* _Work to complete_
All of the data must be written out verbatim, with pictures excluded.

Data section below:

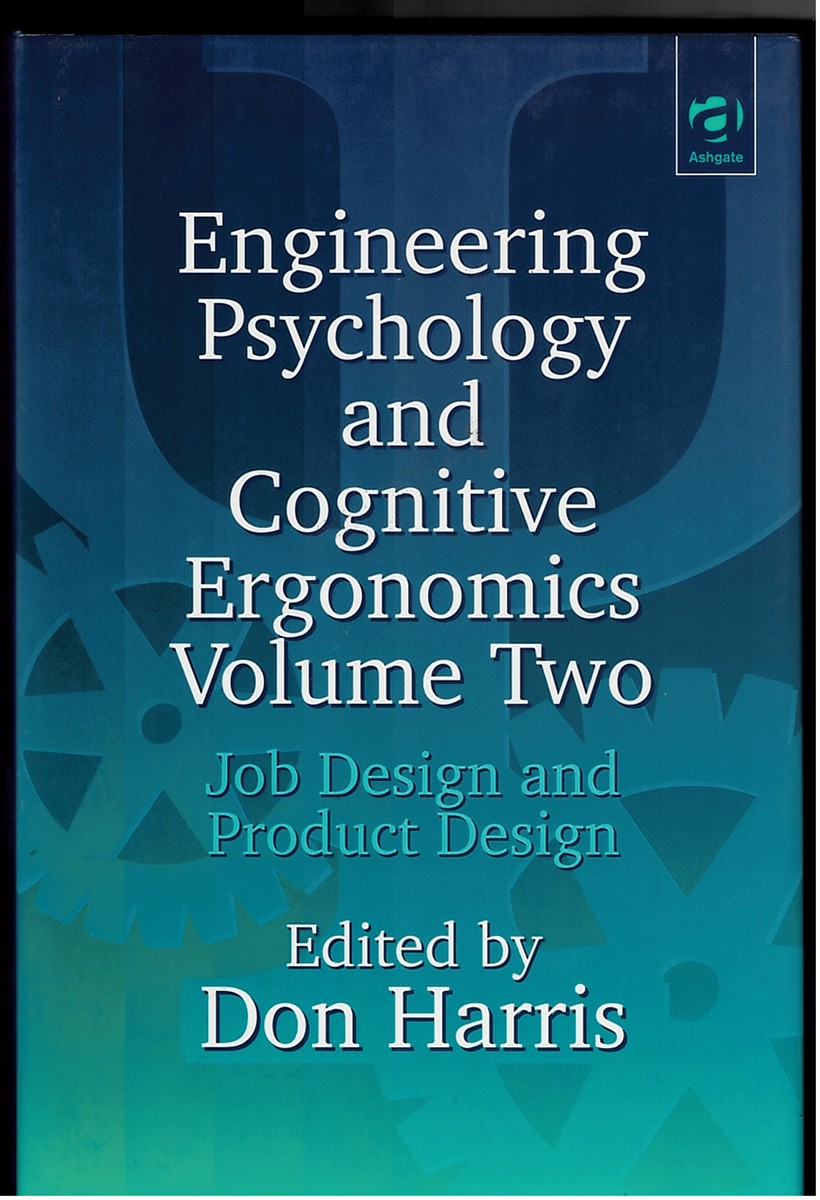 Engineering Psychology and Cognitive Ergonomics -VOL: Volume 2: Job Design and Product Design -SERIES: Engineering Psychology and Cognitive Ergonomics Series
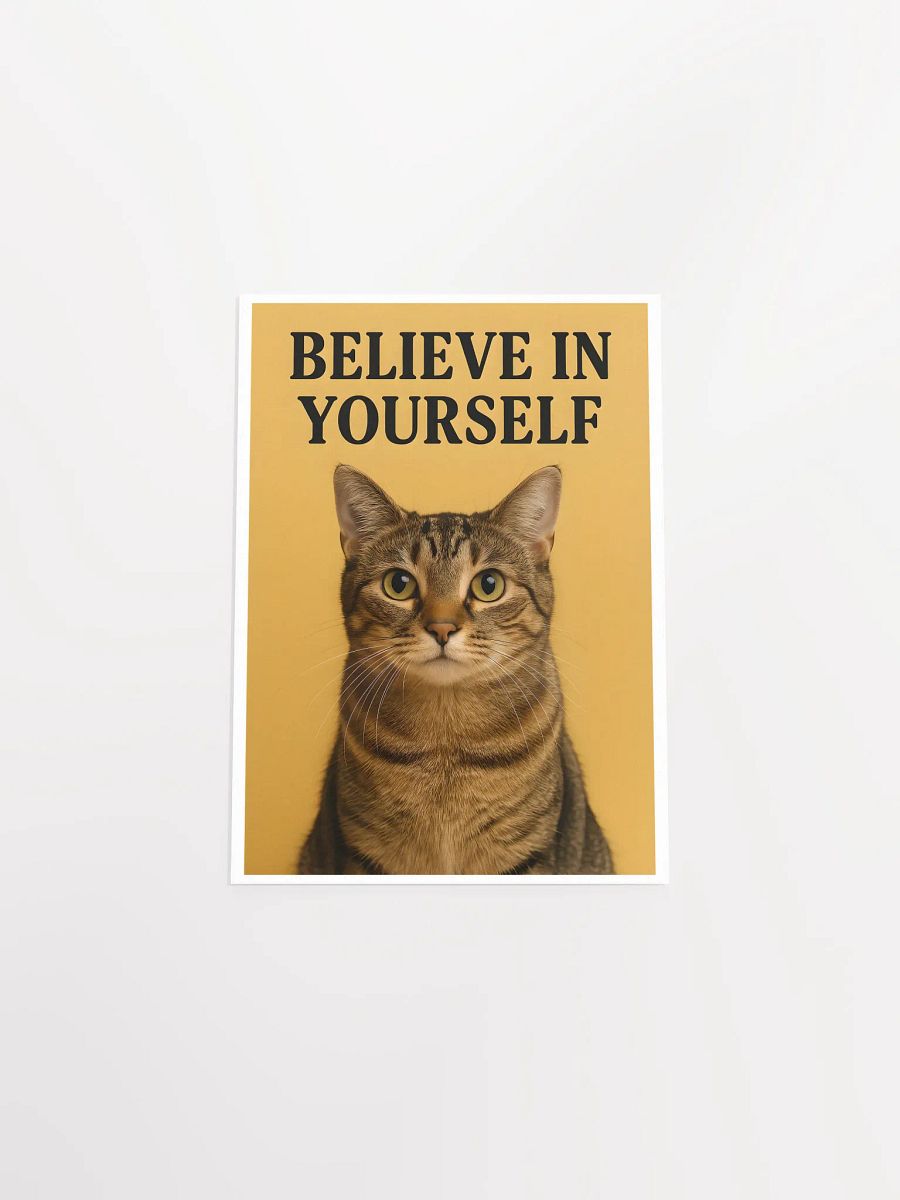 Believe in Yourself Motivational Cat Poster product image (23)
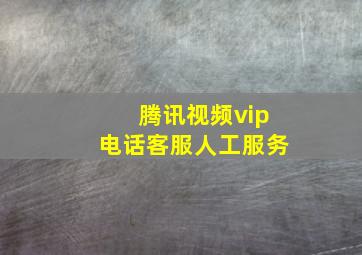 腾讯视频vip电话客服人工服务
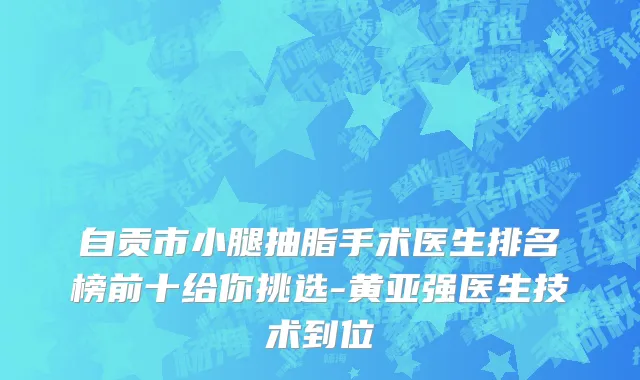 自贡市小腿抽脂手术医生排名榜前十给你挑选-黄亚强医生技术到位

End of Data section.

* _Answer to this exercise_
 Engineering Psychology and Cognitive Ergonomics -VOL: Volume 2: Job Design and Product Design -SERIES: Engineering Psychology and Cognitive Ergonomics Series
 Believe in Yourself Motivational Cat Poster product image (23)
 腾讯视频vip电话客服人工服务
 自贡市小腿抽脂手术医生排名榜前十给你挑选-黄亚强医生技术到位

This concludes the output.